Leah Drury grew up just down the road from Main Street on a catfish and cattle farm in the heart of Hale County.  She always dreamed of playing basketball at Alabama and walked on before earning a scholarship each of her final three seasons.  From there, Leah had a successful coaching career that led through Pensacola and eventually ended off as an assistant coach for the Seattle Storm of the WNBA.  However, after leaving coaching, Leah followed a calling back home to Greensboro.  Without an idea of what she would do for work, she  moved faithfully. And after seeing a need for a modern fitness and work-out space in town, Leah opened her personal training studio on Main Street.  It was there, blessed with an overflowing customer-base from the moment the doors opened, that Leah met Sheri.  Sheri soon shared with her an idea for a local coffee shop centered around supporting the community and helping Monique's dream come true.  It didn't take long for Leah to jump on board with the idea and The Stable began construction in the storefront directly next door to her own business.

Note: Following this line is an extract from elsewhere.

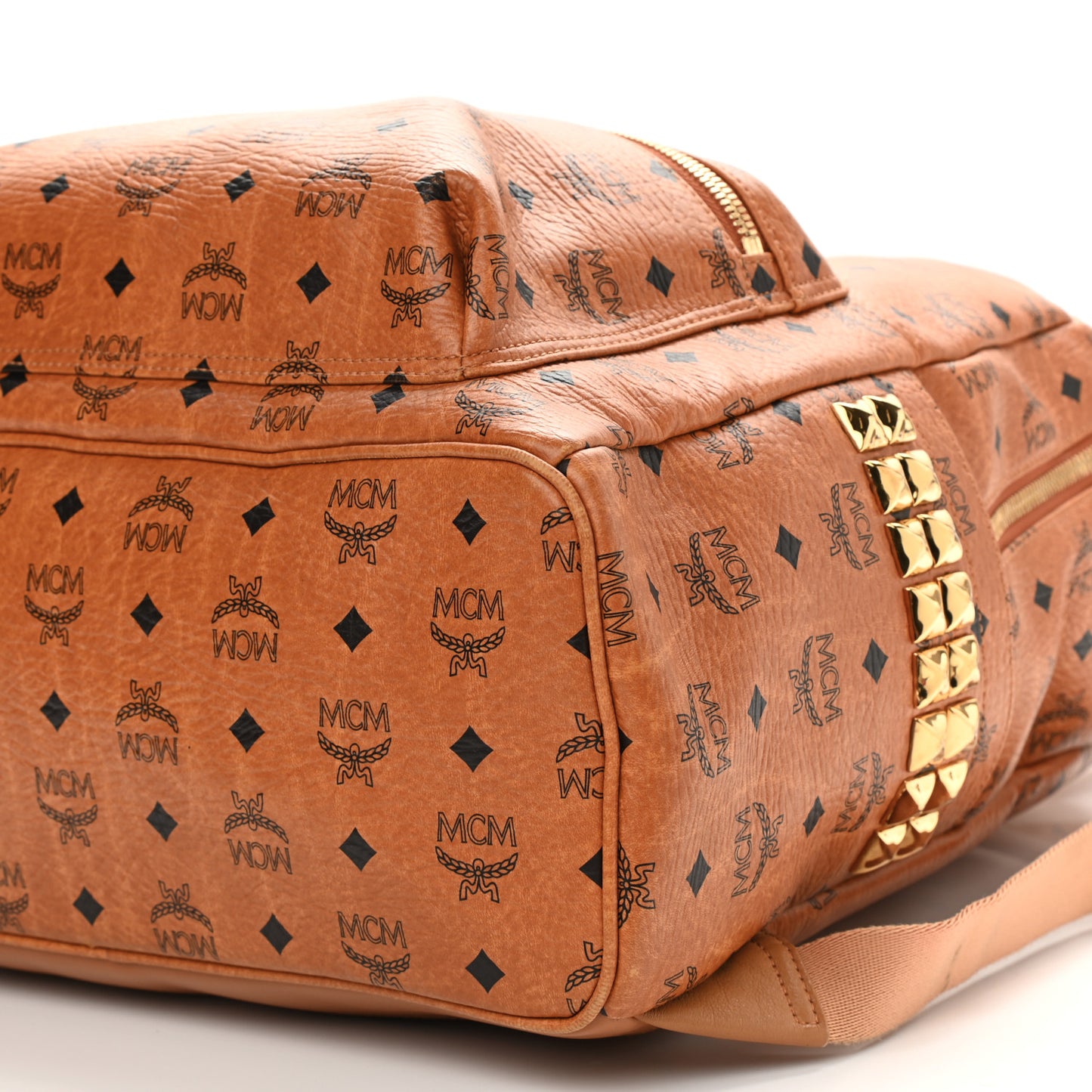 Visetos Large Side Studs Stark Backpack Cognac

She shares with the rest of the founders an overwhelming love for Greensboro, the community, and the people in it.  There are no aspirations for second or third franchises, no bottom-line scrutiny for her.  She's happy to proved opportunity for those who grew up and lived around her in the town that shaped her.  She still smiles as she reflects on her time in coaching, traveling the country, working for the WNBA, but for Leah there is more to life.  She wipes a tear from her eye, smiles as she looks up at the awning above the coffee shop, and says, "this is true success."




Lindsey Miller


"Don't get too far from your roots, your tree will fall down."  Those are the words that Lindsey Miller grew up on and they are words that she would say have shaped her life more than any others.  After growing up on Miller Catfish Farm close to Greensboro, Lindsey left on quite a journey away from home.  Starting with college and then an opportunity with the Alabama restaurant concept, Zoe's Kitchen, that would take her across the southeast for the greater portion of a decade and a half.  But, those who know Lindsey or grew up around her family know that she certainly has not forgotten her hometown.  She can be seen frequenting Greensboro any time she has a chance to get back.  She remembers growing up and playing sports with her childhood friend Leah, who would eventually introduce Lindsey to Monique and Sheri and their bold idea for a southern coffee pub on Greensboro's main street.  It didn't take much convincing.  Lindsey, who now lives in nearby Birmingham, remembers the town that raised her and dreams of bringing hope, opportunity, and good-old, homegrown passion to the place that gave her so much.  Her strong West Alabama accent is still intact, as she talks about what the The Stable means to her.  "It's about being involved in the community that raised me.  These people molded that woman I am today, and I am forever grateful.  We can boost the economy through local labor, bakers, produce, and coffee.  We can make a difference."  Even more than that, Lindsey dreams of putting a smile on every face that walks through the doors of The Stable.  It's about the people that call her name and wave every time she walks down those streets she knows so well.  It's about serving her Blackbelt community with a great cup of coffee and a hearty sandwich, with a large side of Southern hospitality.  And yes, it's about getting back to her roots.